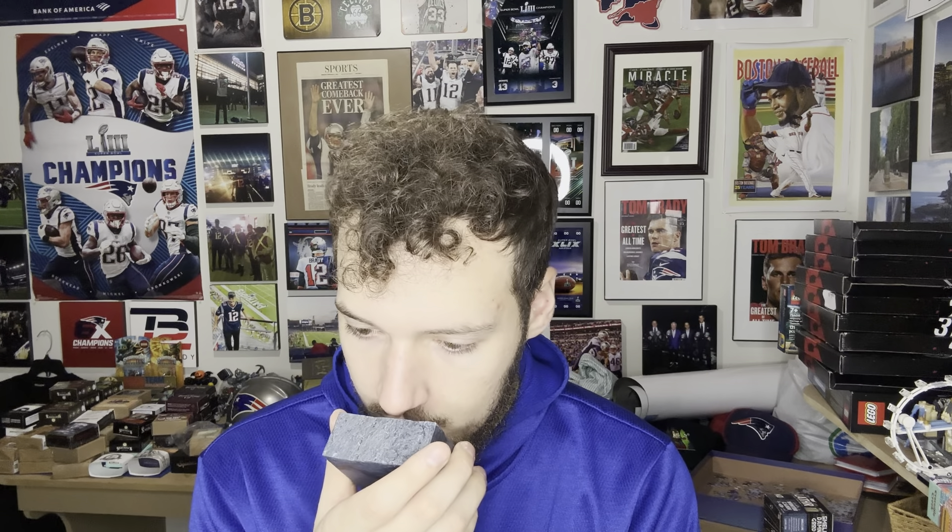Let's see if this is another banger from Lather, because the last few have been absolutely outstanding bars. It has a nice dark midnight blue color, almost with some streaks of black running through it.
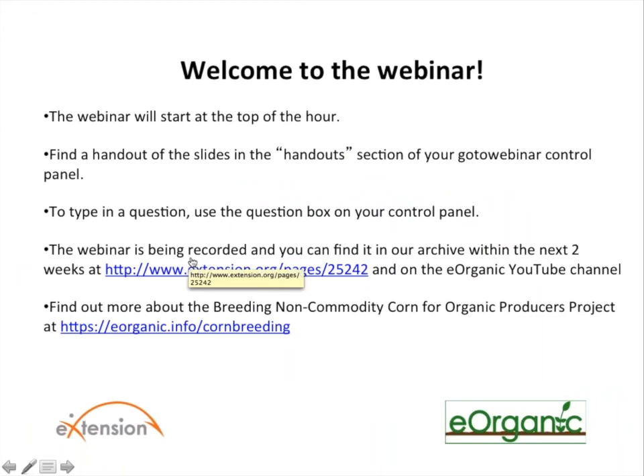Hello and welcome to today's webinar in which you will learn all about corn types. The title is 'Hybrid Double Cross and Open Pollinated Corn: What Does It All Mean?' This is your host Alice Formiga from eOrganic, which is the organic agriculture community at extension.org. We have many webinars about organic farming and research, and they are all recorded and available in our archive at extension.org and also on the eOrganic YouTube channel.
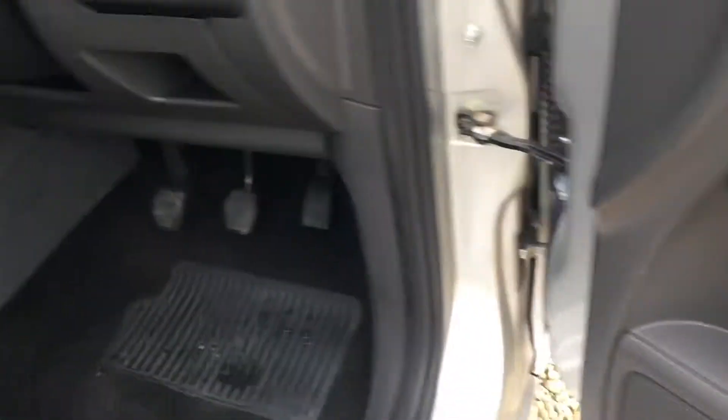The condition of the interior is excellent. Electric windows, electric mirrors. As you can see, the seats are in excellent condition.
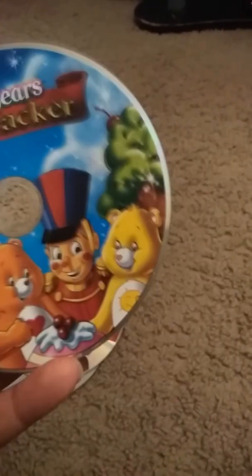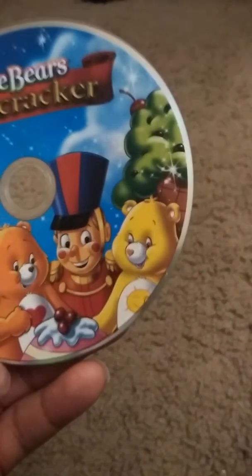And the last one is Care Bears: The Nutcracker. I know you hate Care Bears, but I really like Care Bears — just don't hate me for that. Here's the front, the spine, and the back. There's Lionsgate on it, and the Care Bears Nutcracker is my favorite logo.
# # # # #
▶ **What the exercise asks**:
Exactly repeat only the lines from the one with "Hello and welcome" to the closing line above, both included, and omit every picture.

▶ **Answer for the task**:
Hello and welcome to today's webinar in which you will learn all about corn types. The title is 'Hybrid Double Cross and Open Pollinated Corn: What Does It All Mean?' This is your host Alice Formiga from eOrganic, which is the organic agriculture community at extension.org. We have many webinars about organic farming and research, and they are all recorded and available in our archive at extension.org and also on the eOrganic YouTube channel.
The condition of the interior is excellent. Electric windows, electric mirrors. As you can see, the seats are in excellent condition.
And the last one is Care Bears: The Nutcracker. I know you hate Care Bears, but I really like Care Bears — just don't hate me for that. Here's the front, the spine, and the back. There's Lionsgate on it, and the Care Bears Nutcracker is my favorite logo.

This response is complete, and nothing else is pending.